About this task: The answer must consist solely of the lines from the one containing "Auto parts plastic components" through the last line of the records below, repeated exactly, with all pictures omitted.

Task material:
******************************
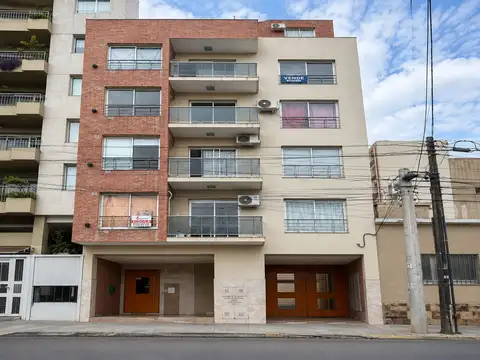 ALQUILER! Dpto de dos hab. y cochera en calle Alsina al 300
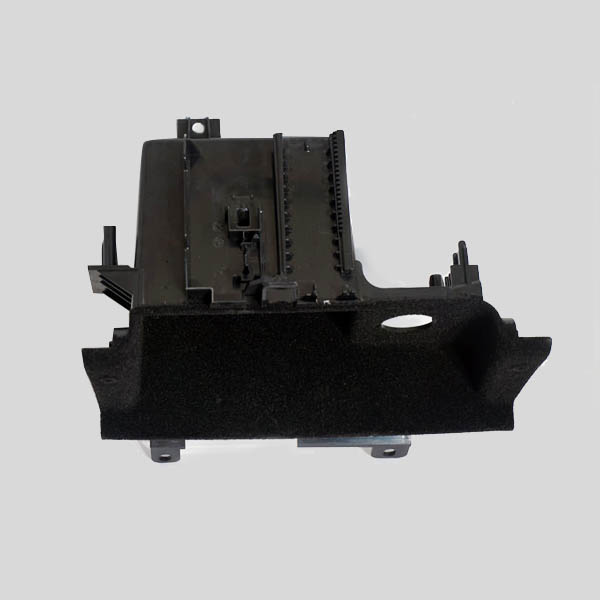 Auto parts plastic components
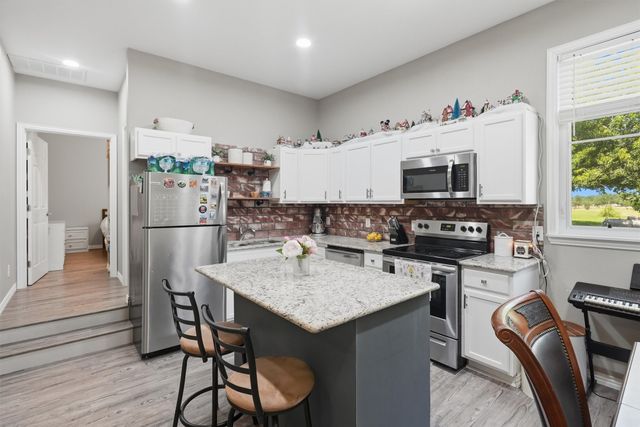 1313 Porter Court, Granbury, TX 76048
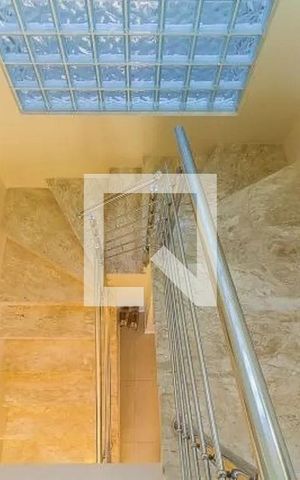 Casa à venda com 500m², 3 quartos e 4 vagasEscada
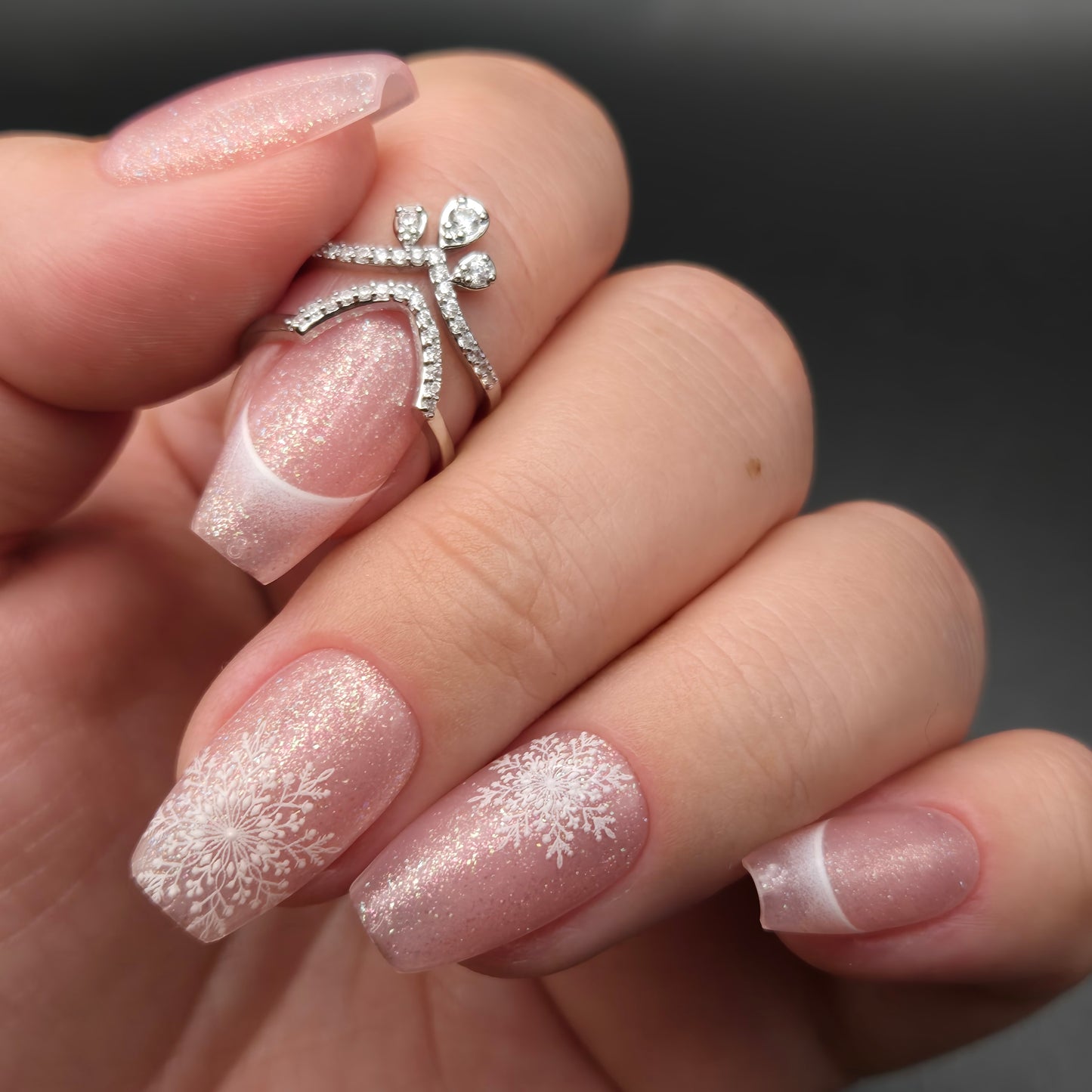 Press on Nails Glimmer Snow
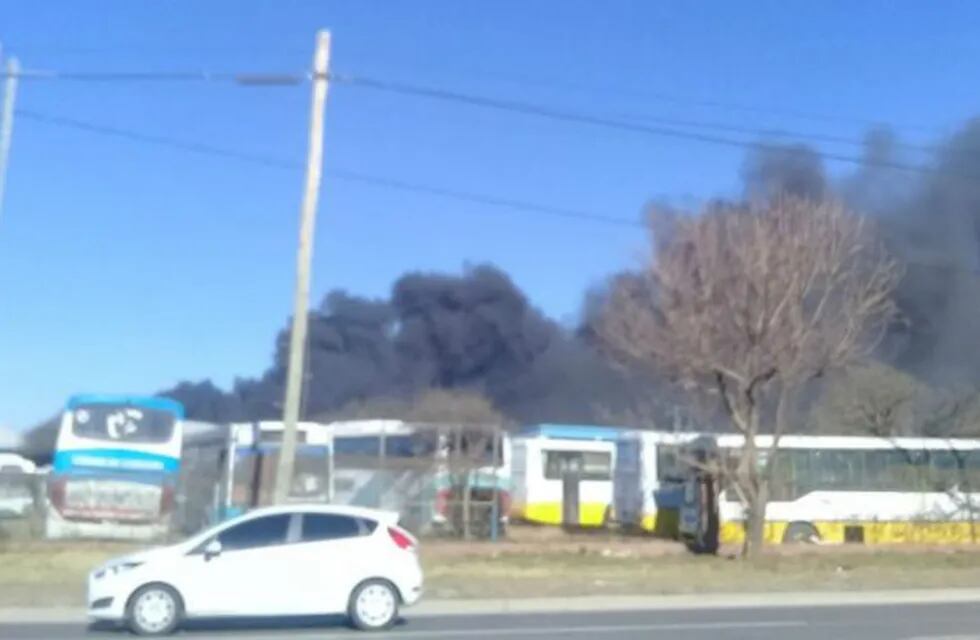 Incendio en un predio de la ex Ciudad de Córdoba.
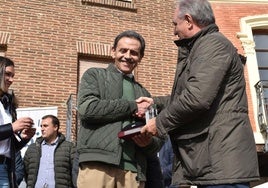 Sabas Calvo recibe el premio Alubia de Saldaña en octubre de 2023.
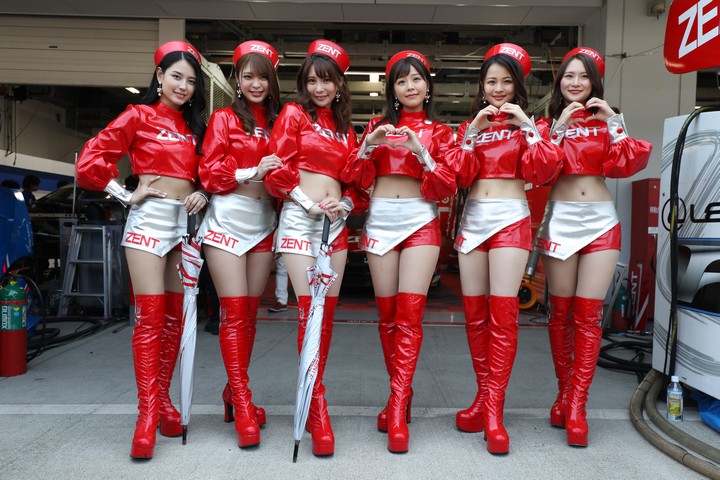 ピットウォーク: レースクイーン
******************************
Answer to the problem:
 Auto parts plastic components
 1313 Porter Court, Granbury, TX 76048
 Casa à venda com 500m², 3 quartos e 4 vagasEscada
 Press on Nails Glimmer Snow
 Incendio en un predio de la ex Ciudad de Córdoba.
 Sabas Calvo recibe el premio Alubia de Saldaña en octubre de 2023.
 ピットウォーク: レースクイーン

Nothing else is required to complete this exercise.